## Scraped caption text data
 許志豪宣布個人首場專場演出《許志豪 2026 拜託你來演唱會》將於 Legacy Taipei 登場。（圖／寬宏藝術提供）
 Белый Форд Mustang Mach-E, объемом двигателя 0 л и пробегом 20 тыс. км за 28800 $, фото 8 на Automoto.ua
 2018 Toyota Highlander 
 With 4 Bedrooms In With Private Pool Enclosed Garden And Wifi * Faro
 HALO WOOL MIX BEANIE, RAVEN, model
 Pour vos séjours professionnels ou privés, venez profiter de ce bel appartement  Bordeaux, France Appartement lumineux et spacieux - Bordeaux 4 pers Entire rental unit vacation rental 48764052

* * *

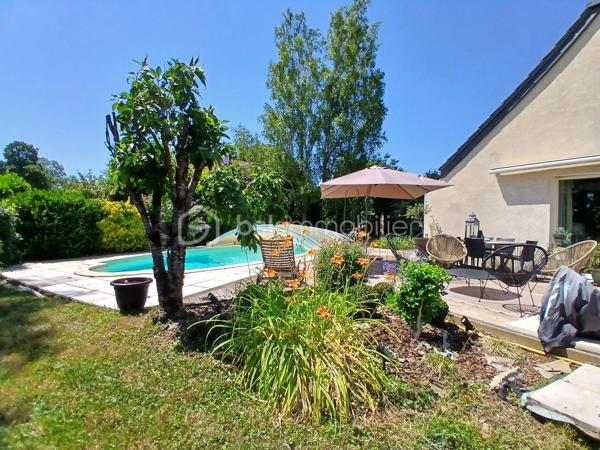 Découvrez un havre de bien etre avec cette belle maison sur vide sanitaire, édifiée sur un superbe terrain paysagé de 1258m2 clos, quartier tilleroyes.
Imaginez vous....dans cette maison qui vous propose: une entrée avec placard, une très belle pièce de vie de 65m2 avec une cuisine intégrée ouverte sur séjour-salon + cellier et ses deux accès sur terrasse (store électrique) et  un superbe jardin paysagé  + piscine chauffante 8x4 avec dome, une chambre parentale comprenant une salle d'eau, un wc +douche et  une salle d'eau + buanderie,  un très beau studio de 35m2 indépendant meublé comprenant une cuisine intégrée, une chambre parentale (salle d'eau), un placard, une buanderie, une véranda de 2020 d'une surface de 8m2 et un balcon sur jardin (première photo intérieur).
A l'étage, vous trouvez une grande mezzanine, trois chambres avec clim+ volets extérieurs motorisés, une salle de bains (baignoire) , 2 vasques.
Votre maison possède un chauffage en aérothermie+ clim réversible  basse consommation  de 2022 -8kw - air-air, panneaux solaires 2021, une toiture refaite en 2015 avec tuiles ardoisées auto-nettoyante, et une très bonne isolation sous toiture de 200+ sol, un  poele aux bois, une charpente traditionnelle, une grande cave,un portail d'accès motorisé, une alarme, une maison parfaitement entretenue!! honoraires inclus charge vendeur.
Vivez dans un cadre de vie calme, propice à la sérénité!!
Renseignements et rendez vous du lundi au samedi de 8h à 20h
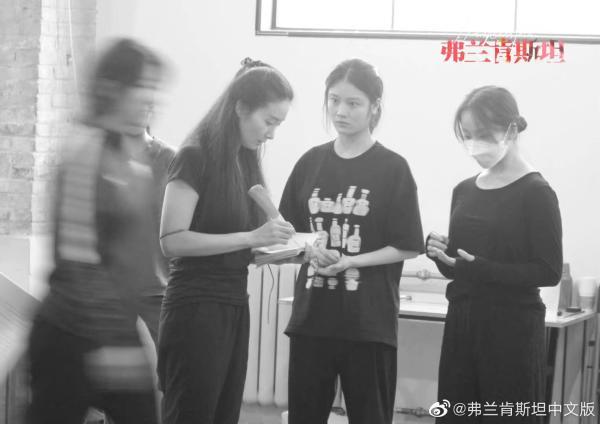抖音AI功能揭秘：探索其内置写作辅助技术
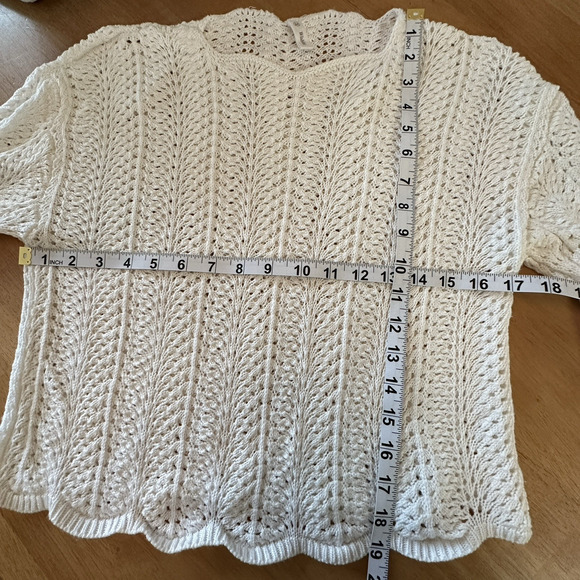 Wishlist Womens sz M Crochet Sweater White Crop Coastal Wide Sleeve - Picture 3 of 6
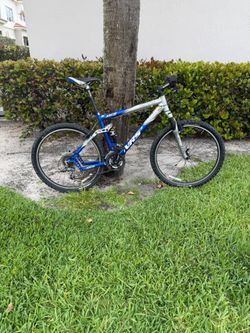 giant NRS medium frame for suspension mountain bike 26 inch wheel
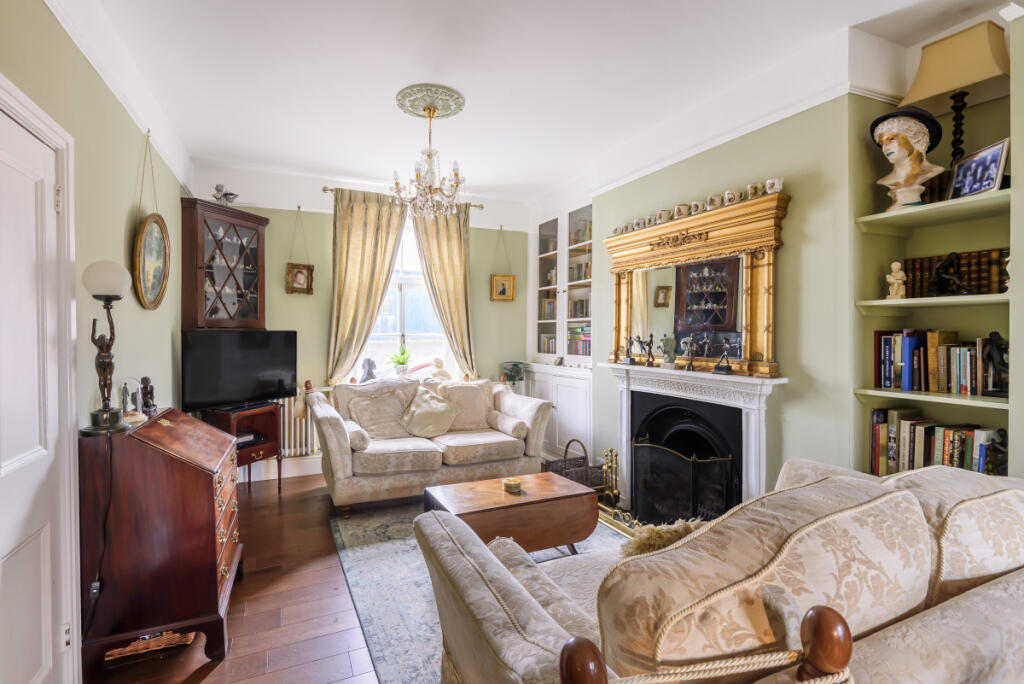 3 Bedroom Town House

## Description of the task
Could you reproduce exactly the lines of the entries above, from the one with "許志豪宣布個人首場專場演出《許志豪 2026 拜託你來演唱會》將於" through the one with "HALO WOOL MIX BEANIE, RAVEN, model", and nothing else?

## Answer
 許志豪宣布個人首場專場演出《許志豪 2026 拜託你來演唱會》將於 Legacy Taipei 登場。（圖／寬宏藝術提供）
 Белый Форд Mustang Mach-E, объемом двигателя 0 л и пробегом 20 тыс. км за 28800 $, фото 8 на Automoto.ua
 2018 Toyota Highlander 
 With 4 Bedrooms In With Private Pool Enclosed Garden And Wifi * Faro
 HALO WOOL MIX BEANIE, RAVEN, model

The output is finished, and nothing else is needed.